* WHAT TO PRODUCE: Within the listing that follows, reproduce exactly the lines starting at the line with "Rhodium Over 14k" and ending at the line with "Self-portrait with raised", inclusive, and only those. Pictures are dropped.
────
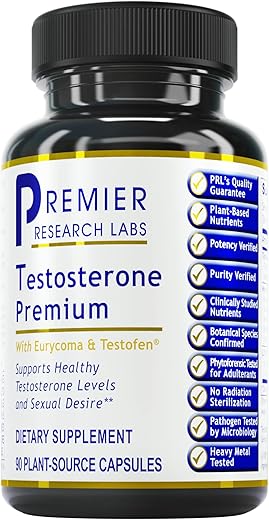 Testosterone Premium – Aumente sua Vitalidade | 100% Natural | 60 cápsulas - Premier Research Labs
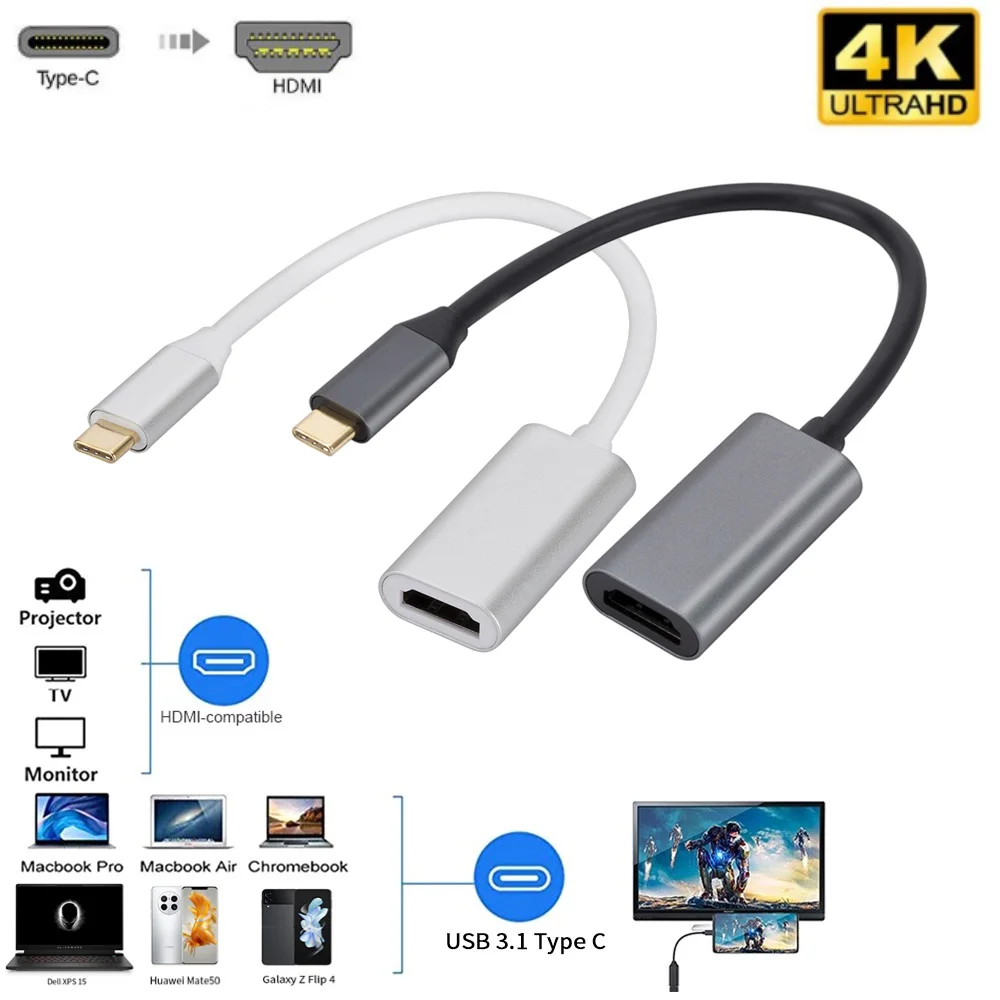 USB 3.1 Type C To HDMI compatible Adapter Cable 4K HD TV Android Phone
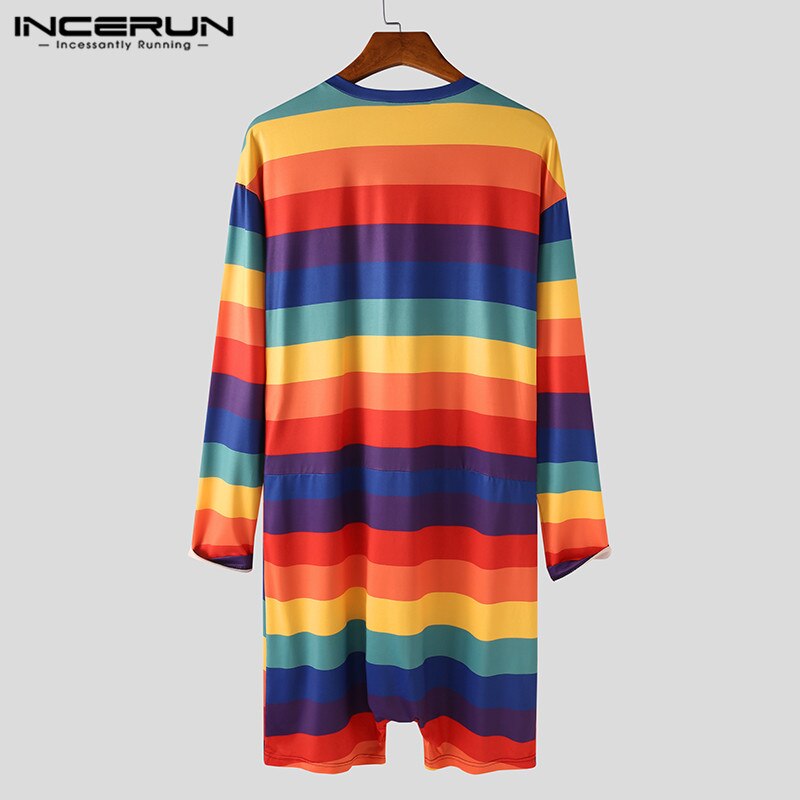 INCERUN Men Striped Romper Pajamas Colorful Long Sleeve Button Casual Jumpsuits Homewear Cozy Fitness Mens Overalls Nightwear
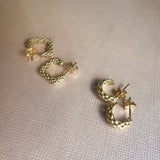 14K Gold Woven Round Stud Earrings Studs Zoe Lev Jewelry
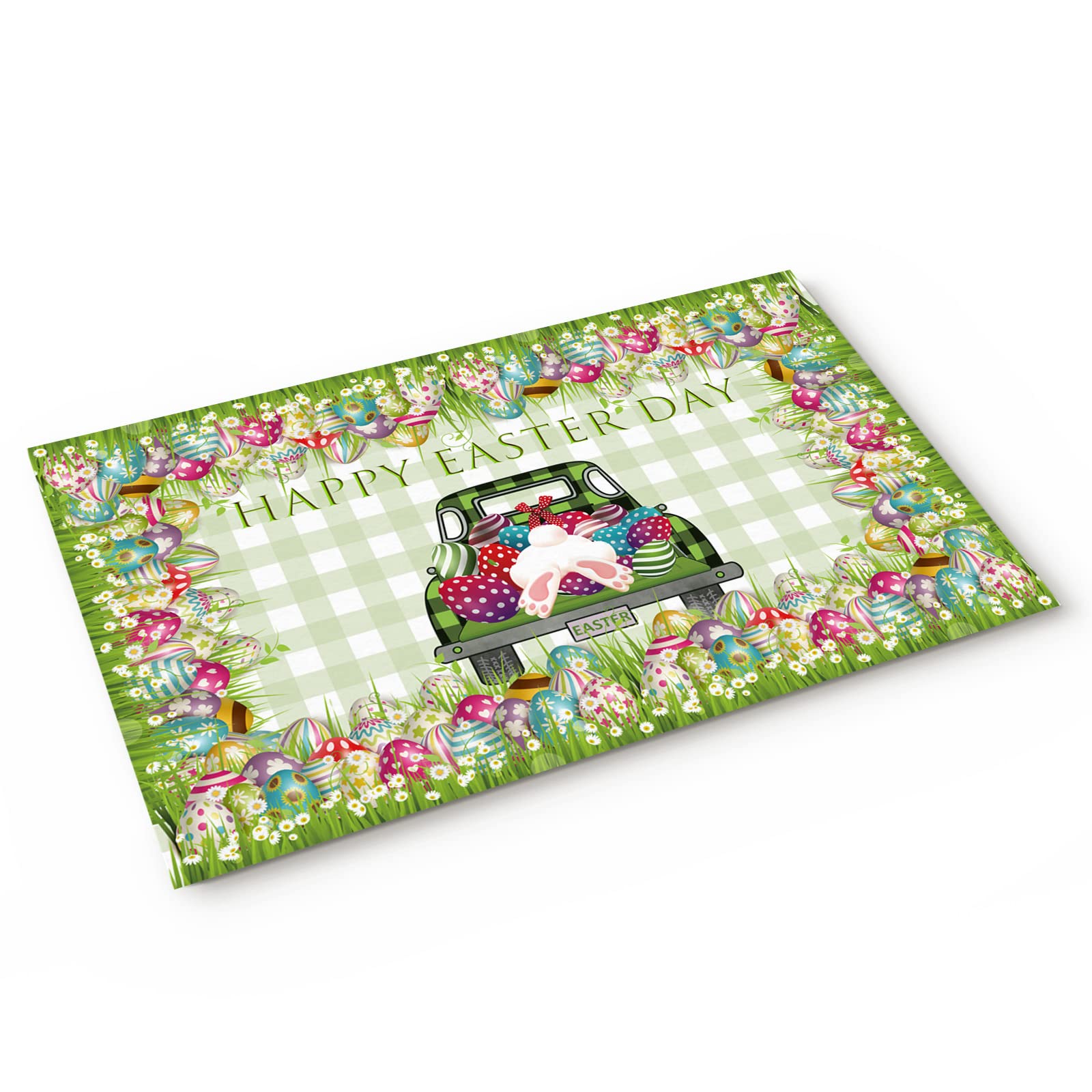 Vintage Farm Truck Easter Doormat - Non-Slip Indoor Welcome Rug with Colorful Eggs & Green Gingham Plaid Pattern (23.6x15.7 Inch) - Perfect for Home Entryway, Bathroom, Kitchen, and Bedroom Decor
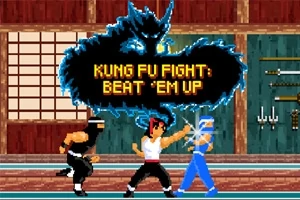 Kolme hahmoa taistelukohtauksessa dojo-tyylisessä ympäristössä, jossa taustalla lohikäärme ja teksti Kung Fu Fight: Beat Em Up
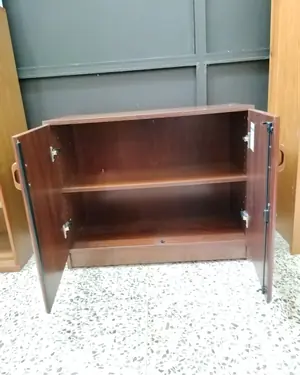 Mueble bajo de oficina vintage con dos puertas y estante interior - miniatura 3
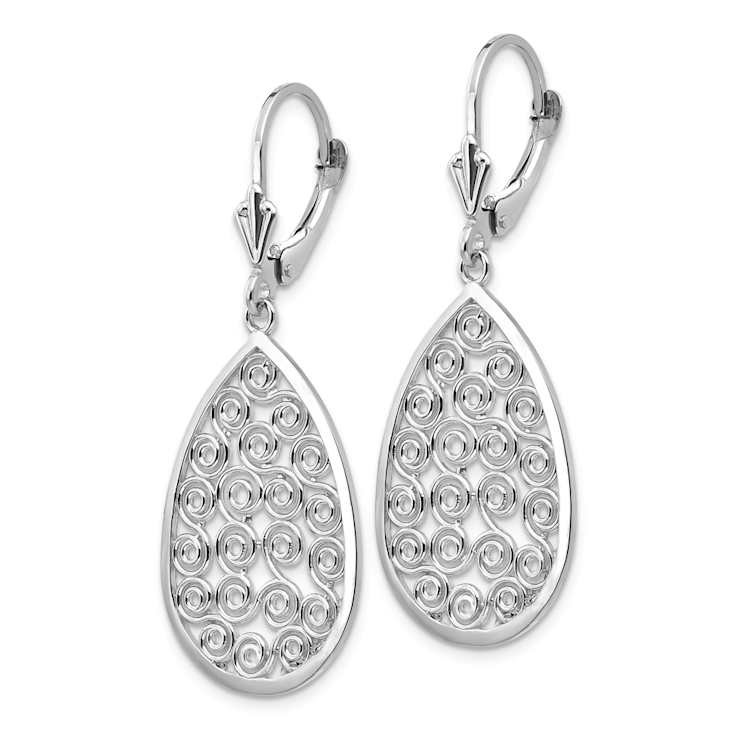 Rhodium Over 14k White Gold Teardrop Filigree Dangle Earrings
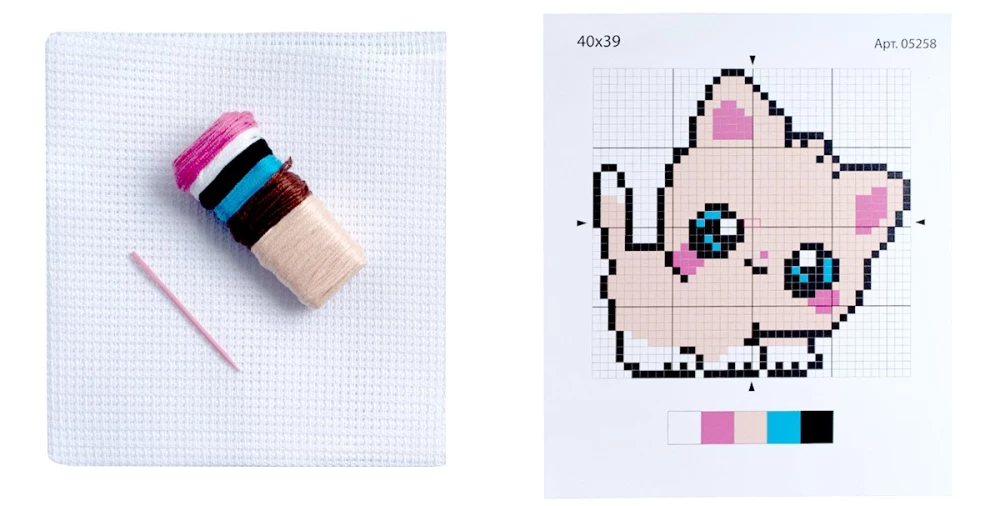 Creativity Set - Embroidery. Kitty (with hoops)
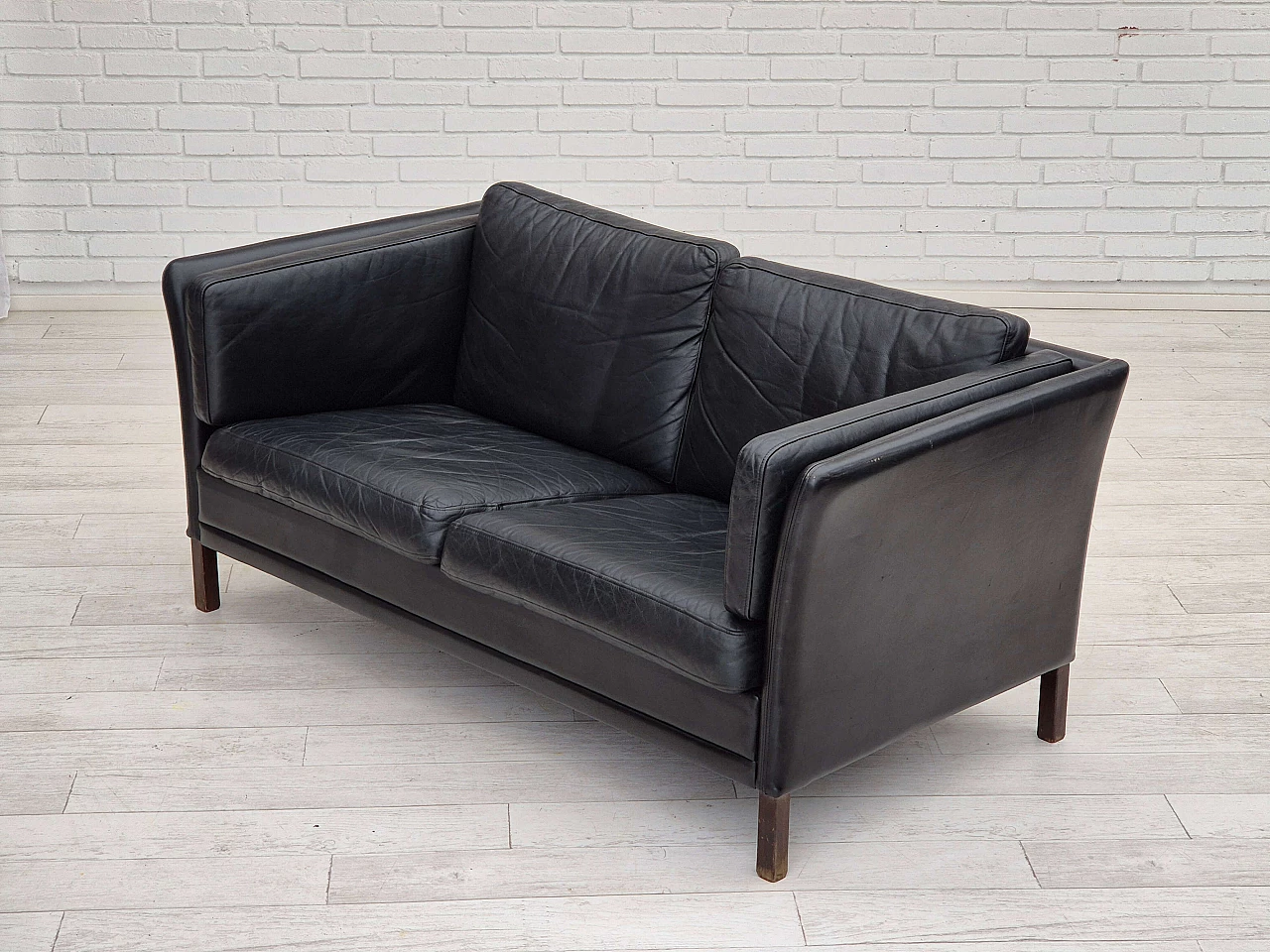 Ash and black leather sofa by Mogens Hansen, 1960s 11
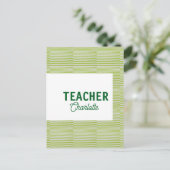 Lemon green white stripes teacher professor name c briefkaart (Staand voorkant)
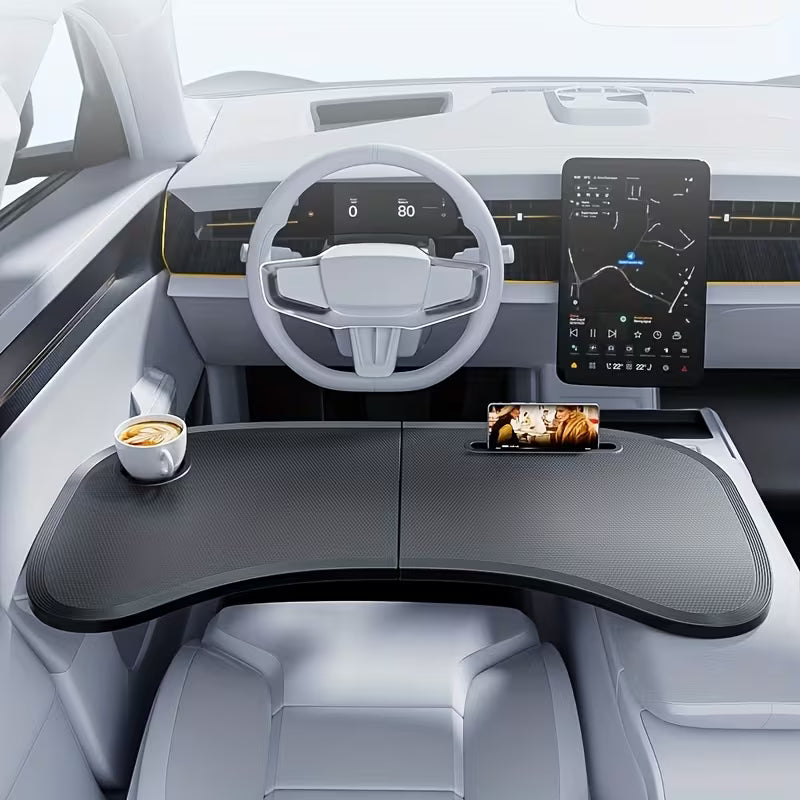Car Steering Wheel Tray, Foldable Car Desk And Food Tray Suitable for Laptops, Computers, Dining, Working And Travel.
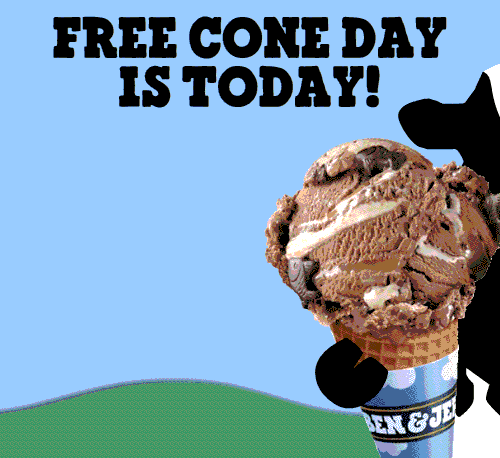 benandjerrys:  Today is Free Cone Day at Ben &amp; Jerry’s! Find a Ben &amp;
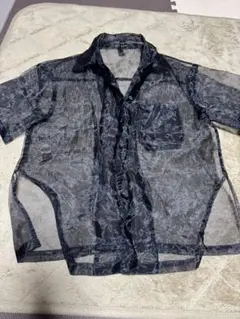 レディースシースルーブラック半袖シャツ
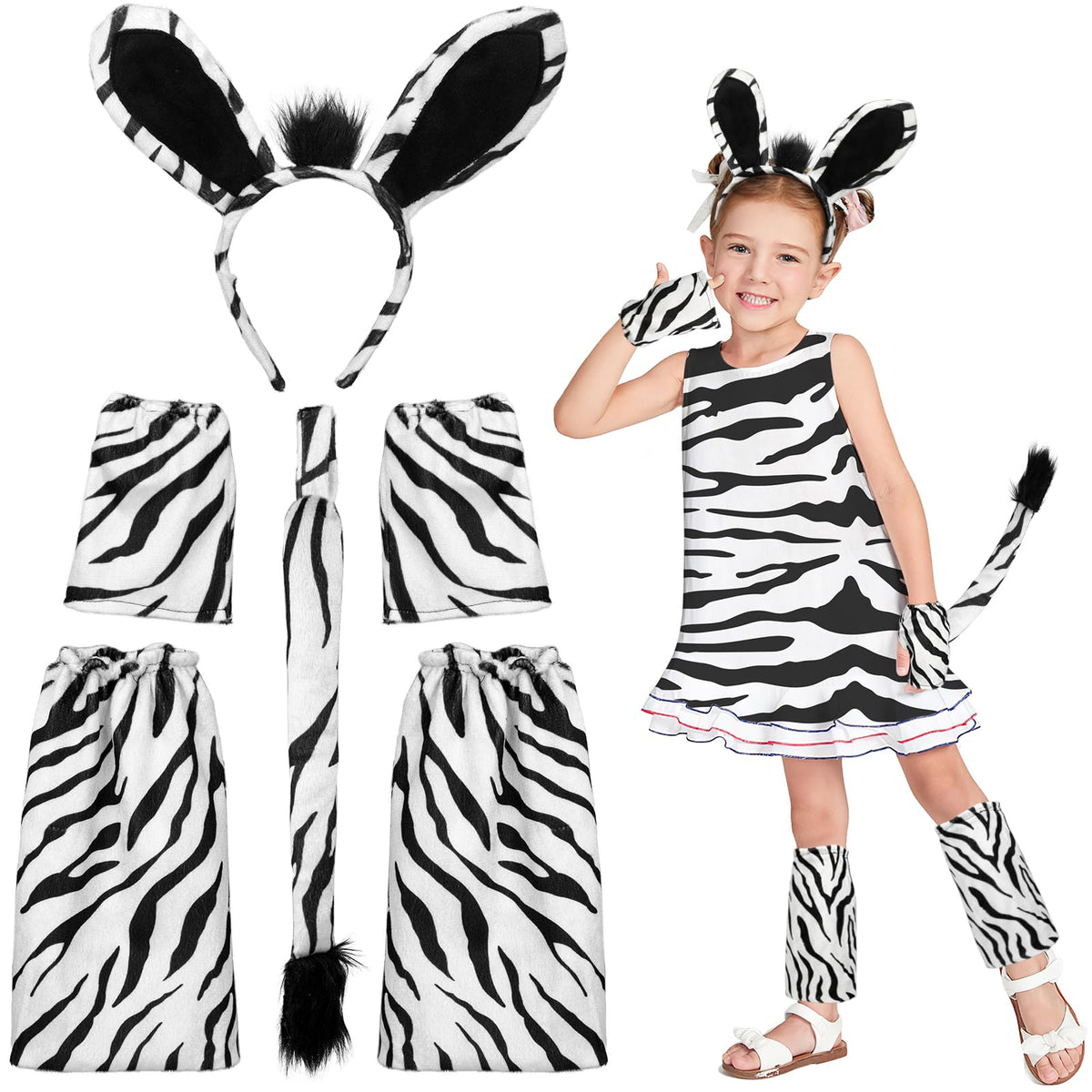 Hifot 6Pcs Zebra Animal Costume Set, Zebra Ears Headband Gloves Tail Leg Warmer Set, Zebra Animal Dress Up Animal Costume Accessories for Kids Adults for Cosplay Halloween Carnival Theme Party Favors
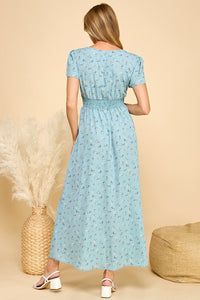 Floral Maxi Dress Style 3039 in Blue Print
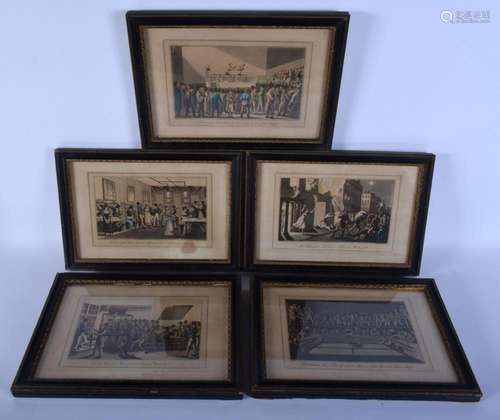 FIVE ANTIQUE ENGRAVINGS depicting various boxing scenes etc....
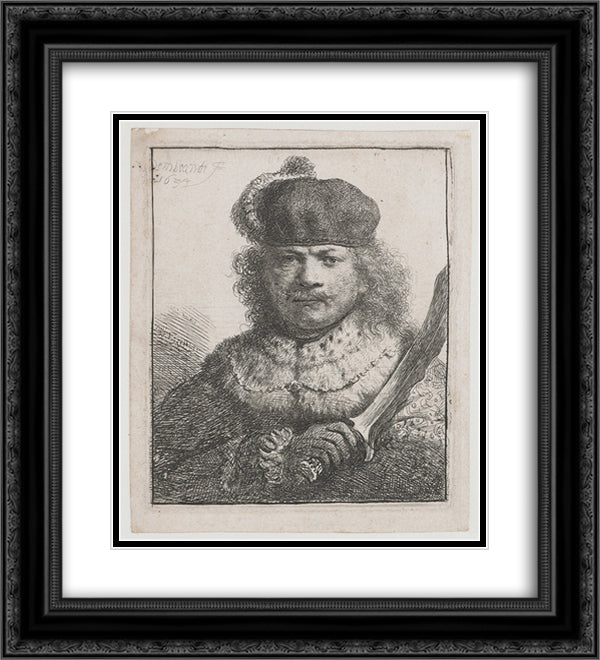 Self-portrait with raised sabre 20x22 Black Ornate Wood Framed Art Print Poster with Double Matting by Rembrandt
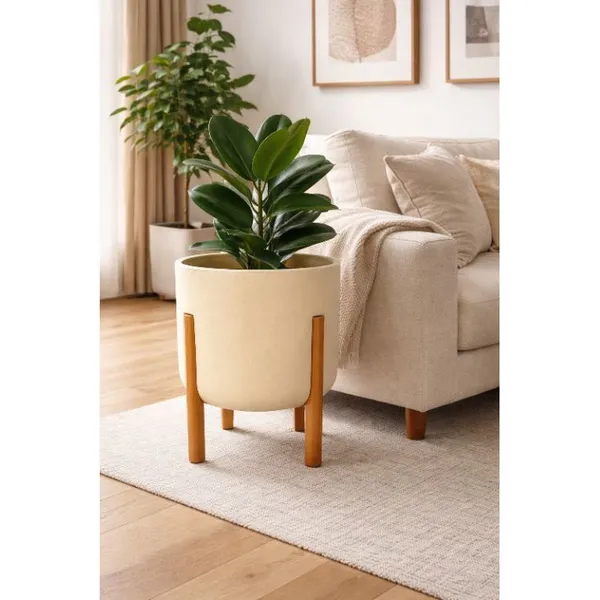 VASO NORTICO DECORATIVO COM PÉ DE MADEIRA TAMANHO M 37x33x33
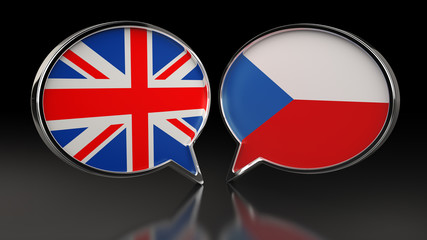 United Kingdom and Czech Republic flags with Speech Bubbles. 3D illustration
────
* OUTPUT OF THE EXERCISE:
 Rhodium Over 14k White Gold Teardrop Filigree Dangle Earrings
 Creativity Set - Embroidery. Kitty (with hoops)
 Ash and black leather sofa by Mogens Hansen, 1960s 11
 Lemon green white stripes teacher professor name c briefkaart (Staand voorkant)
Car Steering Wheel Tray, Foldable Car Desk And Food Tray Suitable for Laptops, Computers, Dining, Working And Travel.
 benandjerrys:  Today is Free Cone Day at Ben &amp; Jerry’s! Find a Ben &amp;
 レディースシースルーブラック半袖シャツ
 Hifot 6Pcs Zebra Animal Costume Set, Zebra Ears Headband Gloves Tail Leg Warmer Set, Zebra Animal Dress Up Animal Costume Accessories for Kids Adults for Cosplay Halloween Carnival Theme Party Favors
 Floral Maxi Dress Style 3039 in Blue Print
 FIVE ANTIQUE ENGRAVINGS depicting various boxing scenes etc....
 Self-portrait with raised sabre 20x22 Black Ornate Wood Framed Art Print Poster with Double Matting by Rembrandt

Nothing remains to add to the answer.